Background: Left ventricular noncompaction is a cardiomyopathy characterized by excessive trabeculation of the left ventricle, progressive myocardial dysfunction, and early mortality. Left ventricular noncompaction has a heterogeneous clinical presentation that includes arrhythmia and sudden cardiac death. Methods and Results: We retrospectively reviewed all children diagnosed with left ventricular noncompaction at Texas Children's Hospital from January 1990 to January 2009. Patients with congenital cardiac lesions were excluded. Two hundred forty-two children were diagnosed with isolated left ventricular noncompaction over the study period. Thirtyone (12.8%) died, and 13 (5.4%) were received a transplant. One hundred fifty (62%) presented with or developed cardiac dysfunction. The presence of cardiac dysfunction was strongly associated with mortality (hazard ratio, 11; P<0.001). ECG abnormalities were present in 87%, with ventricular hypertrophy and repolarization abnormalities occurring most commonly.

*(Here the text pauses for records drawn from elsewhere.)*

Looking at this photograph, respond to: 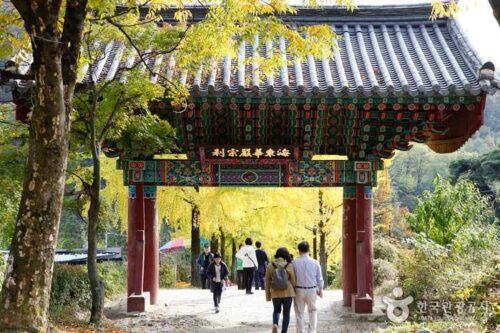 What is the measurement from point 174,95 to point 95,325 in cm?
397

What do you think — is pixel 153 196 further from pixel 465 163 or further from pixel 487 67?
pixel 465 163

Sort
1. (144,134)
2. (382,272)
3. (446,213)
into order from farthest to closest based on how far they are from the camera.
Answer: (446,213)
(382,272)
(144,134)

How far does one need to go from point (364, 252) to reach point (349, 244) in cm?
70

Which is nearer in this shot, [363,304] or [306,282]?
[306,282]

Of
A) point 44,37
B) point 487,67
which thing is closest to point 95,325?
point 44,37

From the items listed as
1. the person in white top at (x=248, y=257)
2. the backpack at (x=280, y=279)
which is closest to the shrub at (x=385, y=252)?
the person in white top at (x=248, y=257)

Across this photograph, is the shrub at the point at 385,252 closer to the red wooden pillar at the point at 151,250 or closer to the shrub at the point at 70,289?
the red wooden pillar at the point at 151,250

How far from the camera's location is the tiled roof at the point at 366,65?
11.4 meters

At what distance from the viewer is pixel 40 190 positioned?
6.04m

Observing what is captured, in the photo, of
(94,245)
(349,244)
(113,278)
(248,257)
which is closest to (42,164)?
(94,245)

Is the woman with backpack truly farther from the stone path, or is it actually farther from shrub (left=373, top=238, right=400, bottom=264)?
shrub (left=373, top=238, right=400, bottom=264)

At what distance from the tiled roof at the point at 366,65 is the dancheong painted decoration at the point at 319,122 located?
0.03 meters

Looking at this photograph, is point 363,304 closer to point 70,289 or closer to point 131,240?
point 131,240

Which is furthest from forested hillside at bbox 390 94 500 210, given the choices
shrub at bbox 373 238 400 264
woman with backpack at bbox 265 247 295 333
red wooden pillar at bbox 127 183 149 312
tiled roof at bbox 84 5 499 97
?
woman with backpack at bbox 265 247 295 333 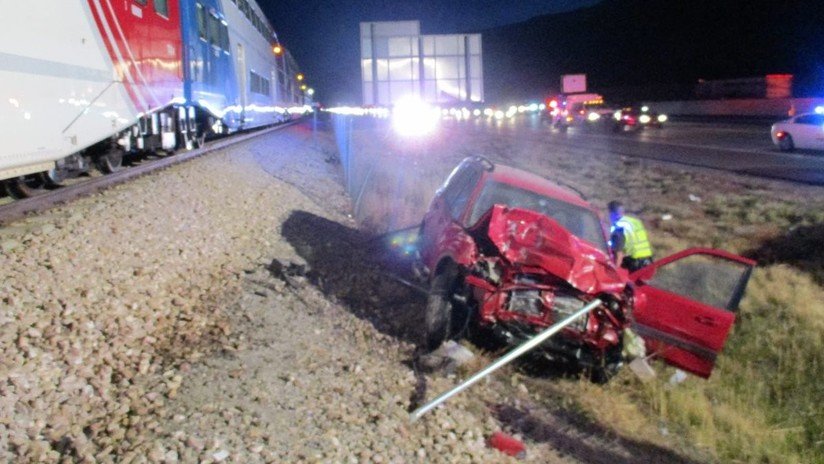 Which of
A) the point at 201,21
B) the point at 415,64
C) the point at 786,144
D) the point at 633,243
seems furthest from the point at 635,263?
the point at 415,64

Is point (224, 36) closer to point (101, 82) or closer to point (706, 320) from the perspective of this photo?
point (101, 82)

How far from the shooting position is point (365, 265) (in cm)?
998

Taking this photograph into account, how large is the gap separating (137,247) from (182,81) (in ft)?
31.3

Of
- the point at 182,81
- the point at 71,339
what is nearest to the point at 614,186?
the point at 182,81

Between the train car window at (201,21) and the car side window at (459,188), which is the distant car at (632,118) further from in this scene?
the car side window at (459,188)

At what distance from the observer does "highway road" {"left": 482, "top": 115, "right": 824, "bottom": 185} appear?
827 inches

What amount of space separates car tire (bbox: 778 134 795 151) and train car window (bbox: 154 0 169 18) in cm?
1914

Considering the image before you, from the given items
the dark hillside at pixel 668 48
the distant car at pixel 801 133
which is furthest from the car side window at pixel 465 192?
the dark hillside at pixel 668 48

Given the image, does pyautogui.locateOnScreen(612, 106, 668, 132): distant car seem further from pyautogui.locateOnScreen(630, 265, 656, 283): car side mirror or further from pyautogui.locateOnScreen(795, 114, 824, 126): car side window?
pyautogui.locateOnScreen(630, 265, 656, 283): car side mirror

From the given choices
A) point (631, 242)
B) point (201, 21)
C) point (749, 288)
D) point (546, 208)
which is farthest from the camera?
point (201, 21)

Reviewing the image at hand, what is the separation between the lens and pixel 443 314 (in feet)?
22.4

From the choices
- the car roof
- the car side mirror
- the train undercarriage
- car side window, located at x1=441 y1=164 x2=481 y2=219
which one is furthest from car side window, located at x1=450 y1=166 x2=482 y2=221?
the train undercarriage

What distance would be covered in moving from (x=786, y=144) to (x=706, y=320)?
A: 21419 millimetres

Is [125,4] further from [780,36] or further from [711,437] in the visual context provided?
[780,36] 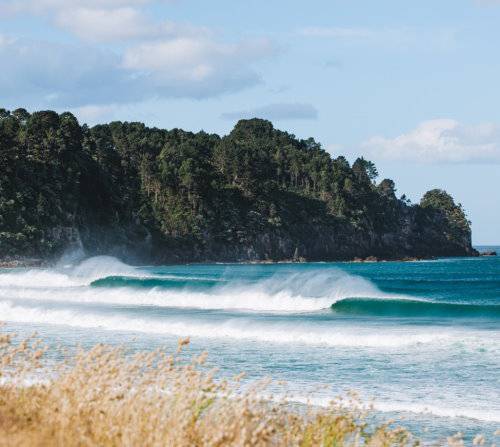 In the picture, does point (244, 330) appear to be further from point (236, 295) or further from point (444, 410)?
point (236, 295)

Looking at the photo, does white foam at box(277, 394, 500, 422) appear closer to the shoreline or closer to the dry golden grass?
the dry golden grass

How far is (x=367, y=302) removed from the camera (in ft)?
119

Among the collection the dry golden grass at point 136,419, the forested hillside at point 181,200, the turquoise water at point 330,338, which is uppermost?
the forested hillside at point 181,200

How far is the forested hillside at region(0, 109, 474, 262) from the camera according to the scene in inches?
4478

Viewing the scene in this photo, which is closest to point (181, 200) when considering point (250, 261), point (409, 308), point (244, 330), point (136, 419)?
point (250, 261)

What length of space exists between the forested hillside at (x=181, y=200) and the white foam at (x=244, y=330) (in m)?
74.7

Repolarization abnormalities were associated with increased mortality (hazard ratio, 2.1; P=0.02). Eighty children (33.1%) had an arrhythmia, and those with arrhythmias had increased mortality (hazard ratio, 2.8; P=0.002). Forty-two (17.4%) had ventricular tachycardia, with 5 presenting with resuscitated sudden cardiac death. In total, there were 15 cases of sudden cardiac death in the cohort (6.2%). Nearly all patients with sudden death (14 of 15) had abnormal cardiac dimensions or cardiac dysfunction. No patient with normal cardiac dimensions and function without preceding arrhythmias died. Conclusions: Left ventricular noncompaction has a high mortality rate and is strongly associated with arrhythmias in children. Preceding cardiac dysfunction or ventricular arrhythmias are associated with increased mortality. Children with normal cardiac dimensions and normal function are at low risk for sudden death.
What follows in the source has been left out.